Grafana Labs logo
Search icon
Fleet Management and Terraform: Use cases and best practices for managing collectors in Grafana Cloud

Fleet Management and Terraform: Use cases and best practices for managing collectors in Grafana Cloud

2026-01-158 min
Twitter
Facebook
LinkedIn

Earlier this year we launched Grafana Cloud Fleet Management to address the pain that comes with managing scores of telemetry collectors across departments and environments. We've been excited to see how organizations are using it to manage collectors at scale, but we've also heard from users who aren't sure how Fleet Management fits with their existing infrastructure-as-code tooling. 

The good news is Fleet Management is designed specifically to complement—not replace—tools like Terraform. In this blog, I'll show you several ideal use cases for pairing the two, as well as several best practices for getting the most out of your setup.

What is Grafana Cloud Fleet Management?

Before we get into how you can use Fleet Management with Terraform and other IaC tools, let's first get you up to speed on what Fleet Management does.

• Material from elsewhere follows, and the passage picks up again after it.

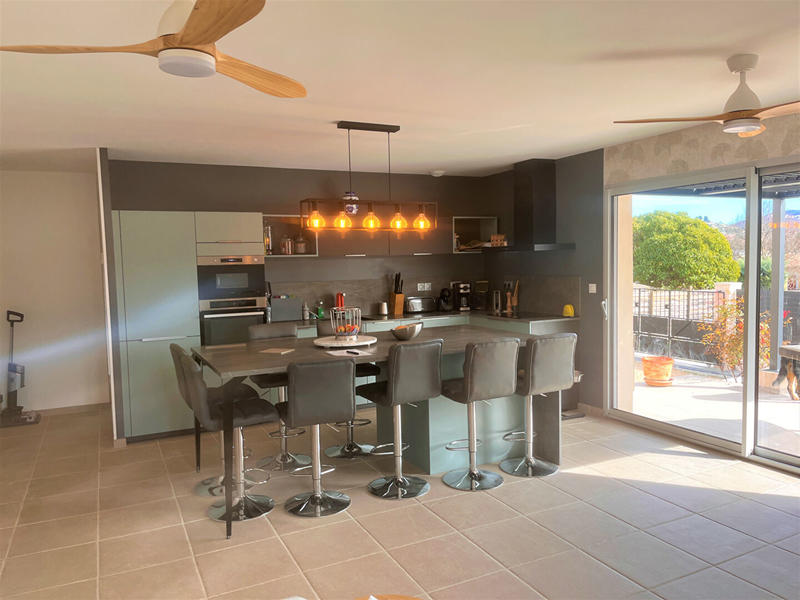 Villa - 91 m² - 4 pièces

Fleet Management is a centralized control plane designed for managing observability collectors (primarily Alloy) at scale within Grafana Cloud. It enables remote configuration, monitoring, and optimization of telemetry pipelines (metrics, logs, traces, and profiles) across hundreds or thousands of collector instances, ensuring consistent observability without manual intervention on each device.

Fleet Management also helps you manage your inventory and centrally provision remote configurations. Under Inventory in the Fleet Management UI, you will see a registered list of your collectors, their health statuses, Alloy version, operating system, and attributes for each collector.

With remote configuration you can create, edit, activate, and delete configuration pipelines. Remote configuration allows you to  build your telemetry pipelines, test the pipeline syntax, and then add matching attributes to assign the configuration pipeline to collectors. You can then  activate or deactivate a pipeline with a toggle of the switch.

When should I consider using Fleet Management?

The ideal use case for Fleet Management is scaling observability in large, distributed environments such as multi-site enterprises, cloud-native infrastructures (e.g., Kubernetes clusters), or edge computing setups with numerous remote agents.

Imagine a multinational organization running hundreds of Alloy collectors across hybrid cloud and on-premises data centers to monitor applications, infrastructure, and IoT devices. Without centralized management, teams struggle with:

  • Inconsistent configurations: Manually updating pipelines on each collector leads to errors and drift.
  • Cost overruns: Always-on, high-volume data streams (e.g., debug logs or continuous profiling) inflate bills.
  • Visibility gaps: It's harder to track collector health or activate specialized pipelines during incidents.

How exactly does Grafana Fleet Management work to solve this issue? Simply by centralizing remote configurations.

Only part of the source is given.